Dataset excerpt |
== Segment start ==
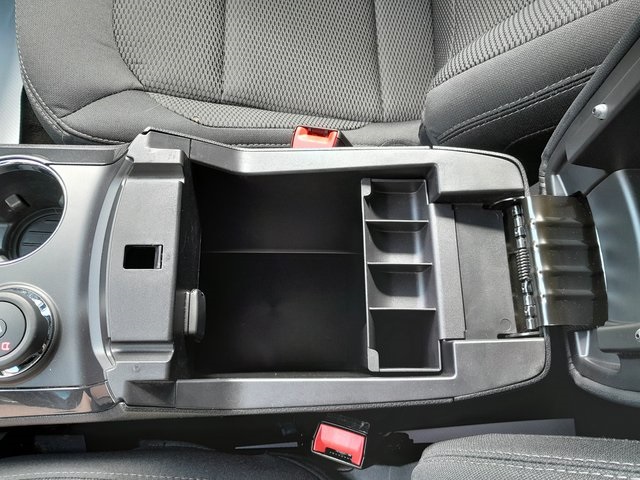 2018 Ford Explorer XLT photo 27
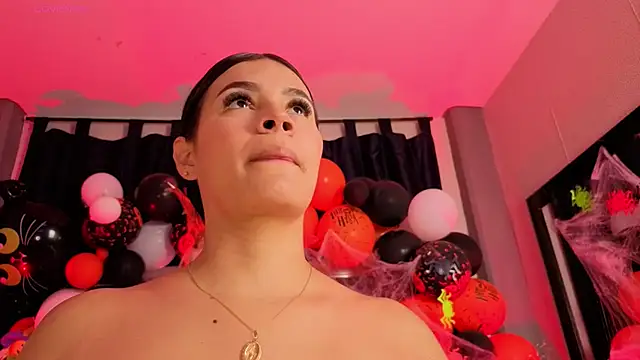 Mia Oxford online show from 29, 10, 2025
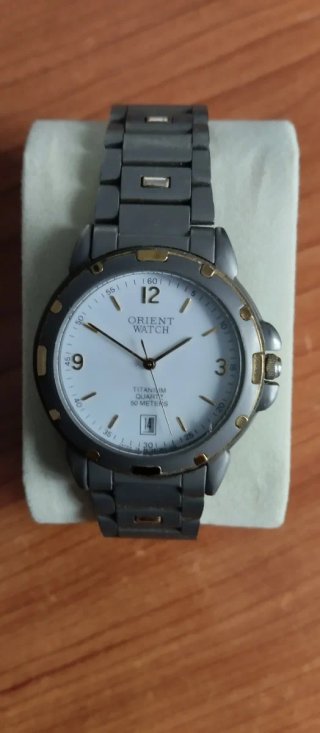 Reloj Orient Titanium Quartz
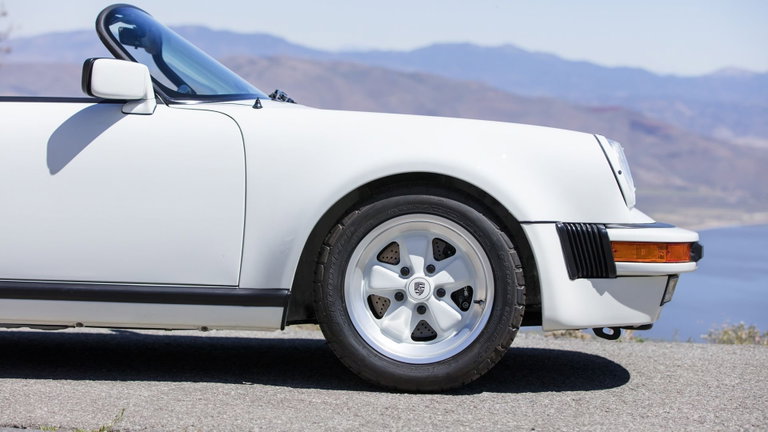 Porsche 911 Carrera 3.2 Speedster (US)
== Segment end ==
Work instructions | Please copy the data shown above precisely, leaving the images out.

Written solution |
 2018 Ford Explorer XLT photo 27
 Mia Oxford online show from 29, 10, 2025
 Reloj Orient Titanium Quartz
 Porsche 911 Carrera 3.2 Speedster (US)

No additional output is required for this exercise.